Rosja szykuje testy nowej rakiety międzykontynentalnej, która, jak twierdzi strona rosyjska, “jest gotowa do pokonania istniejących systemów obronnych”

Rosja szykuje się do testów nowej międzykontynentalnej rakiety balistycznej RS-28 Sarmat, która, jak twierdzi strona rosyjska, jest gotowa do pokonania istniejących systemów obronnych – informuje we wtorek brytyjski dziennik “The Times”.

Gazeta zauważa, że wcześniejsze testy były wielokrotnie opóźniane ze względu na problemy z konstrukcją. Według źródeł rosyjskiego dziennika “Kommiersant” do próby rakiety, znanej na Zachodzie jako Satan-2, ma jednak dojść jeszcze przed końcem tego roku na kosmodromie Plesieck w północno-zachodniej Rosji.

Ważąca 100 ton i mająca zasięg około 10 tys. kilometrów rakieta może przenosić 16 głowic, co pozwoliłoby – według Zwiezdy, rosyjskiej stacji telewizyjnej należącej do ministerstwa obrony – na zniszczenie obszaru wielkości Francji lub Teksasu.
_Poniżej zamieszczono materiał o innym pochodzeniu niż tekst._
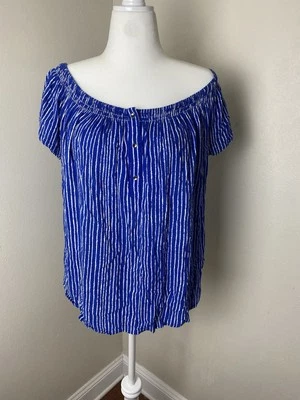 Kenneth Cole Womens Top XL Blue White Stripes Viscose C7 - Image 1 of 4
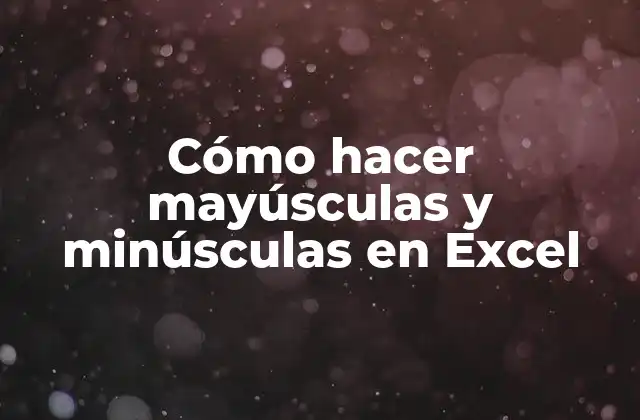 Cómo Hacer Mayúsculas y Minúsculas en Excel
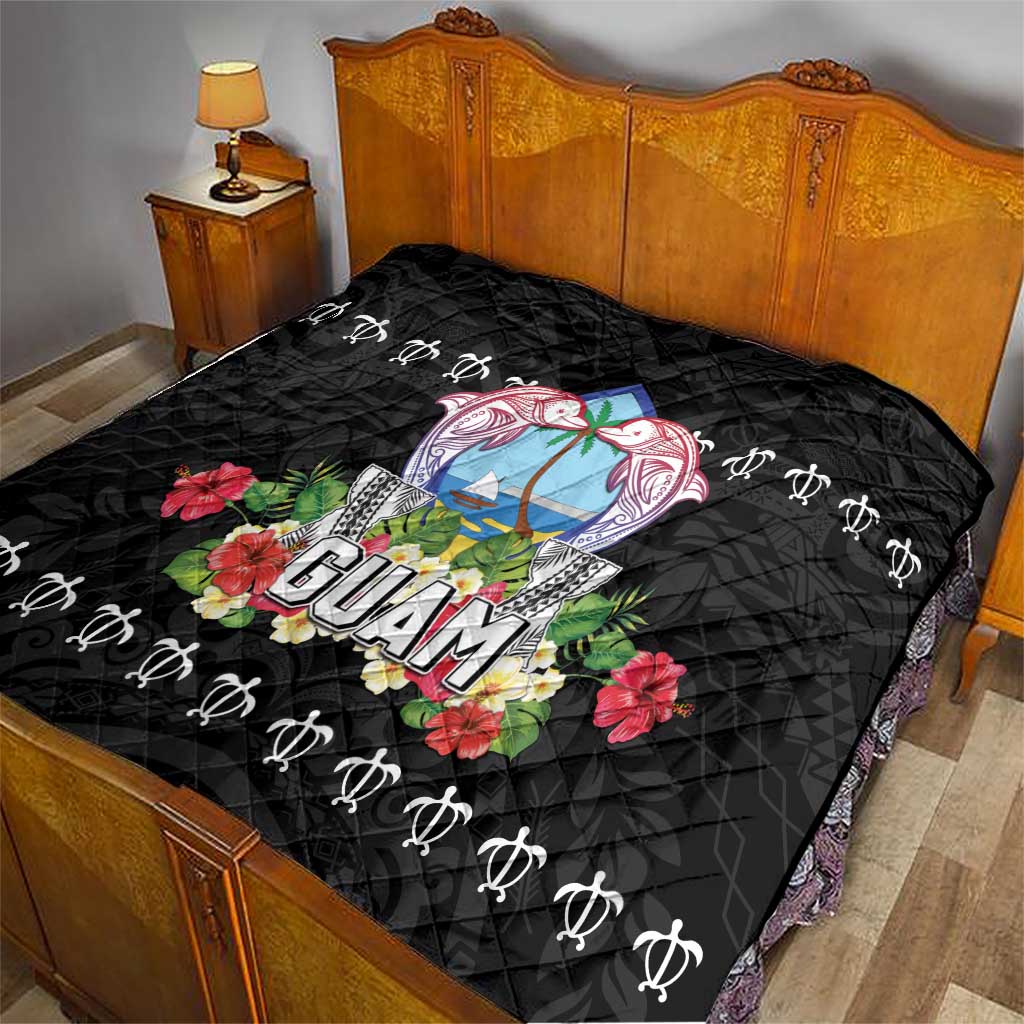 Guam Chamorro Quilt Tribal Latte Stone With Dolphins Black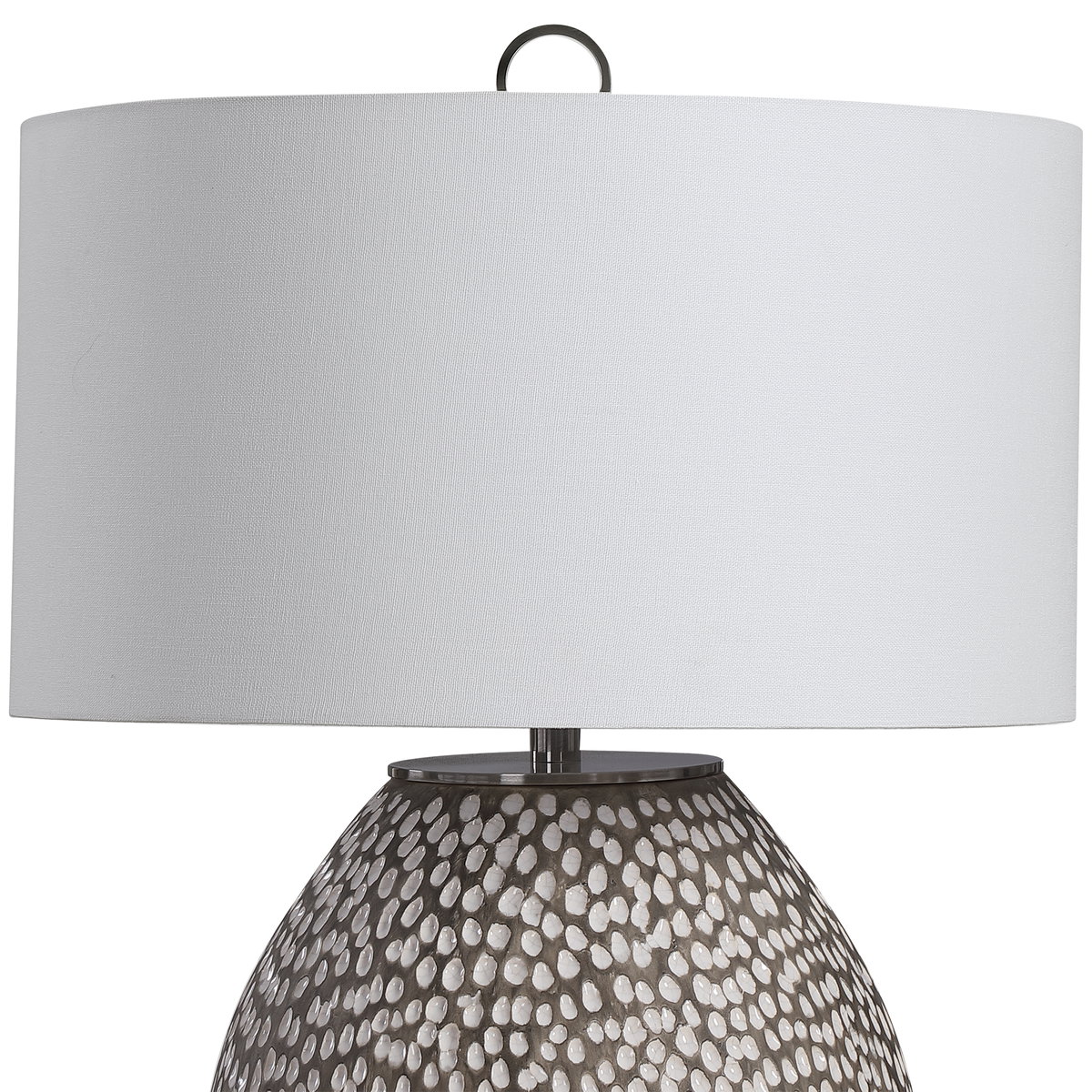 Cyprien Gray White Table Lamp, by Uttermost, 18" width x 28.25" height x 18" depth View 10
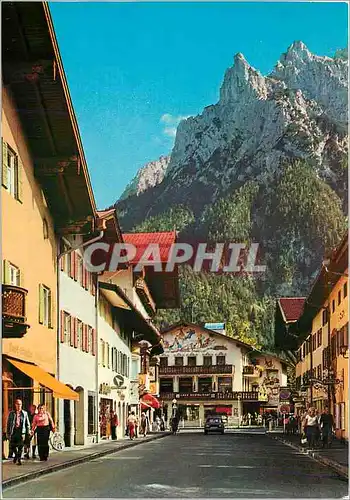 Moderne Karte Mittenwald Oberbayem Hochstrasse und Blick gegen Karwendelgebirge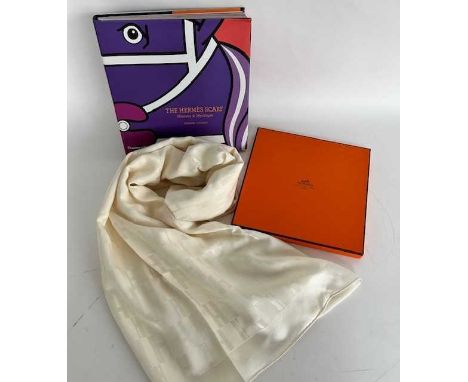 Hermès Cream Silk Monogrammed Scarf, rectangular in shape, approx 182cm by 74cm wide, boxed with outer card case,together wit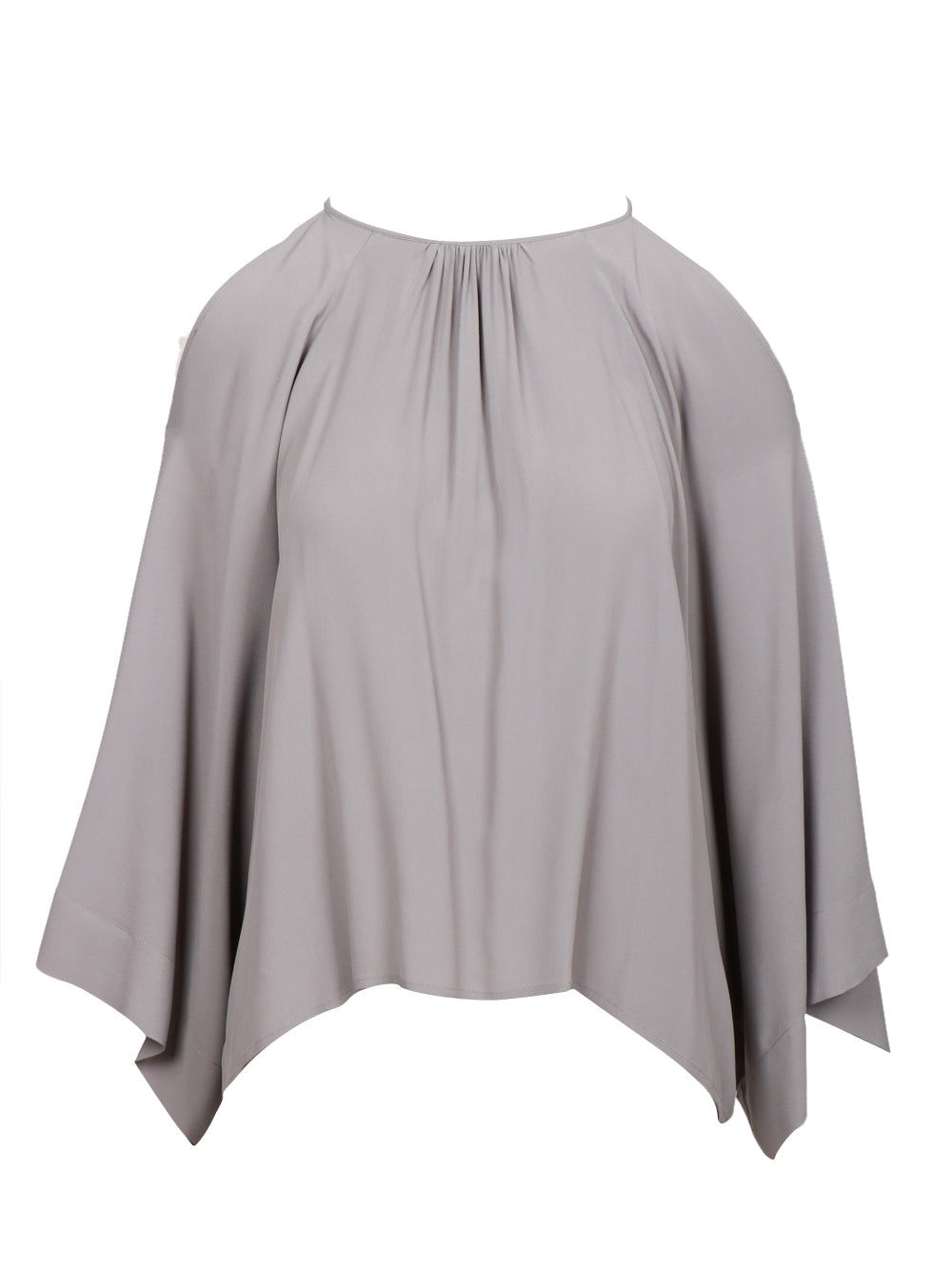 SEMICOUTURE BLUSA CAMILLA IN CREPE GRIGIA CON APERTURA SU SPALLE Grigio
Rakieta ma rozpocząć dyżur bojowy w 2019 lub 2020 roku, kiedy zostanie rozmieszczona w bazach w Krasnojarsku i Orenburgu. Ma zastąpić rakietę R-36M, znaną też jako RS-20W Wojewoda (w kodzie NATO SS-18 Satan), znajdującą się w rosyjskim arsenale od połowy lat 70. ubiegłego wieku.

RS-28 Sarmat jest elementem ogłoszonego w 2011 roku wartego 650 mld dolarów programu odnowienia strategicznego arsenału odstraszania nuklearnego i pocisków konwencjonalnych.

Źródła rosyjskie podają, że napędzana ciekłym paliwem nowa rakieta będzie znacznie skuteczniejsza od wszystkich analogicznych konstrukcji w kraju i za granicą; wyprzedzi pod tym względem najpotężniejszy obecnie pocisk balistyczny, czyli rakietę RS-20W Wojewoda. (PAP)


Ruscy zbrojną się od lat, ale za agresora wskazują Amerykę. Podobnie jest z Chinami. Czego jednak innego oczekiwać od przepoczwarzonych komunistycznych państw, niż kłamstwa. Kłamali, kłamią i będą kłamać, tylko metody kłamstwa są coraz skuteczniejsze, podejmowane na coraz większą skalę.

Broń atomowa, broń konwencjonalna, broń palna, broń strzelecka. Każdy rodzaj broni, który wpadnie w łapy złych ludzi, będzie powodował zagrożenie. Czy metodą na uchylenie zagrożenia jest ogólne rozbrojenie? Tak by chciał Watykan, jego władca chce urządzić raj na ziemi. Raj na ziemi od zawsze chciały urządzać wilki, poprzebierane za owce.

Prawda jest taka, że źli ludzie nie mają i nie będą mieli nigdy ograniczeń w zdobywaniu broni. Przykład tow. płk Putin, przecież to kagiebista zdolny do wydania wojny. Kto mu zabroni wyposażać w broń łobuzów z dowolnej części świata? Pisałem już przecież o jego prywatnej armii.

Moim zdaniem zasadnicze znaczenie do powstrzymania złego człowieka od użycia broni, jest uzbrojenie dobrego człowieka w broń o tej samej sile. To ma zastosowanie do relacji pomiędzy państwami, ale i do relacji pomiędzy ludźmi. Tu moim zdaniem nie ma różnicy. Państwa są zbójeckie, uzbrojone w broń jądrową. Aby trzymać na dystans łobuza, trzeba mieć broń taką samą, albo jeszcze skuteczniejszą. Są ludzie, którzy posługują się przemocą. Ci ludzie zawsze będą mieli dostęp do broni. Nie ma takich regulacji, nie ma takich metod, aby zapewnić absolutną szczelność systemu. Aby trzymać na dystans łobuza trzeba mieć broń taką samą, albo jeszcze skuteczniejszą.